The RSUs are scheduled to vest in equal quarterly installments over four years with a one-year cliff, meaning no shares vest during the first year and then vesting begins quarterly. To cover tax obligations from a separate RSU vesting on the same date, 5,765 shares were withheld by the company at a price of $15.50 per share.
After these transactions, Sanborn directly held 366,913 Class A shares. He also indirectly held 1,365 shares in a custodial account for each of two children, reflecting personal and family-related ownership alongside his executive equity compensation.
EVER submitted a Regulation 144 notice listing proposed sales and recent dispositions.
The filing names Morgan Stanley Smith Barney LLC as the broker and records 1,730 Restricted Stock Units dated 02/20/2026. It also documents three sales by Jon Ayotte: 321 shares on 02/23/2026 for $4,837.47, 675 shares on 01/05/2026 for $16,983.00, and 3,639 shares on 12/01/2025 for $97,400.56.
EverQuote, Inc. reported that Chief Technology Officer David Brainard had 1,216 shares of Class A common stock withheld by the company on February 20, 2026 to cover tax obligations related to vesting restricted stock units. The withholding was valued at $15.49 per share, based on that day’s closing price.
After this tax-withholding disposition, Brainard directly holds 180,601 shares of EverQuote Class A common stock.
EverQuote, Inc. director, CEO and President Mendal Jayme reported selling a total of 14,360 shares of Class A Common Stock in open-market transactions on February 20, 2026, under a Rule 10b5-1 trading plan. After these sales, Jayme directly holds 541,777 EverQuote shares.
EverQuote, Inc. Chief Accounting Officer Jon Ayotte reported tax-related transactions in Class A common stock. He executed an open-market sale of 321 shares at $15.07 per share and had 1,157 shares withheld at $15.49 per share to cover RSU tax obligations, leaving 84,027 shares owned directly.

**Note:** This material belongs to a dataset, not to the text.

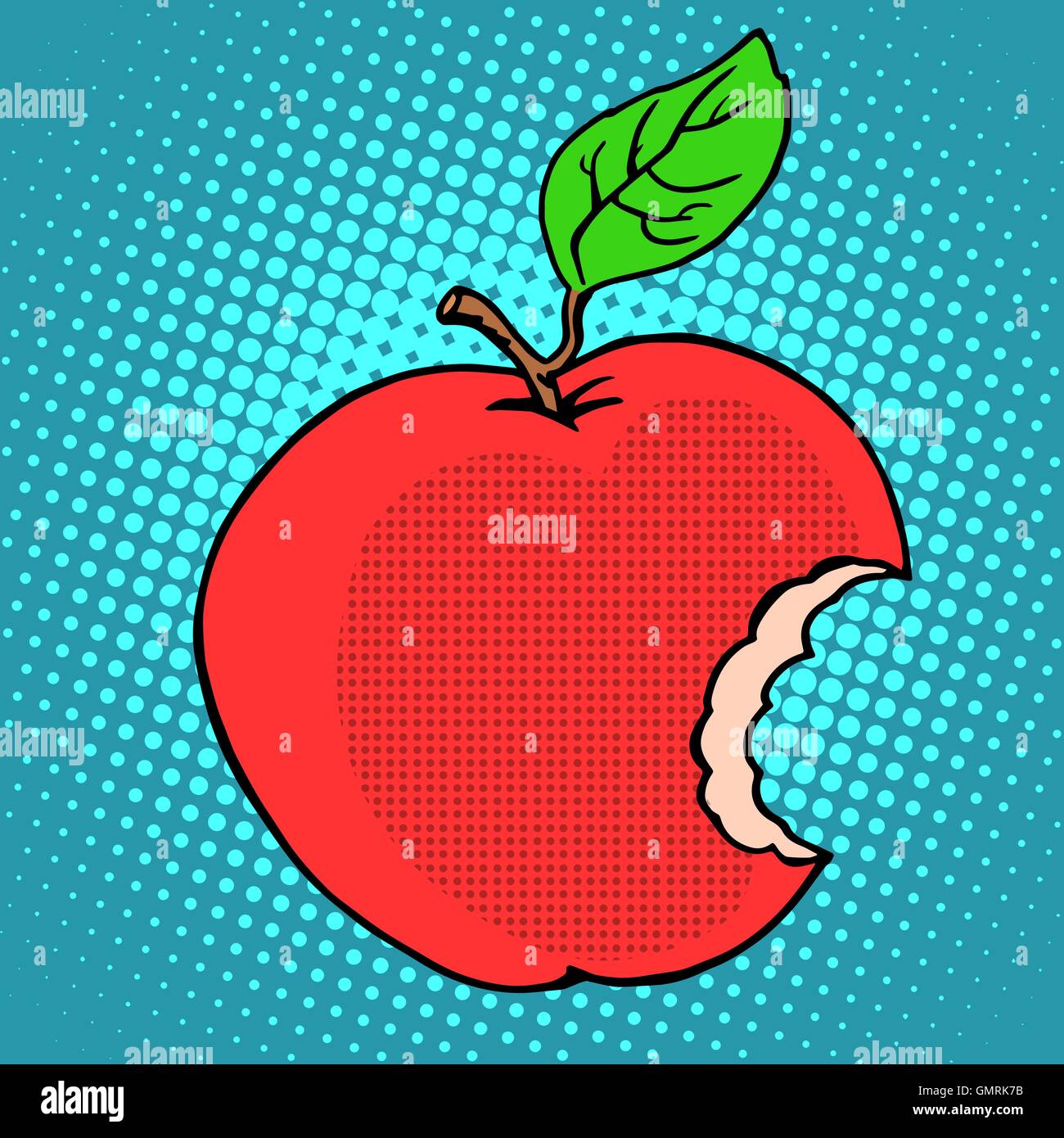 Bitten red Apple Stock Vector Image & Art - Alamy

The sale was made under a pre-established Rule 10b5-1 trading plan and is described as non-discretionary and tied to RSU vesting taxes.
EverQuote, Inc. insider filing shows an administrative share withholding by a senior executive. CFO and Chief Admin Officer Joseph Sanborn had 3,189 shares of Class A Common Stock withheld on
These shares were withheld by the company as a tax-withholding disposition rather than an open-market sale. After this transaction, Sanborn directly held 324,988 shares. He also had indirect holdings of 1,365 shares in each of two UTMA accounts for his children.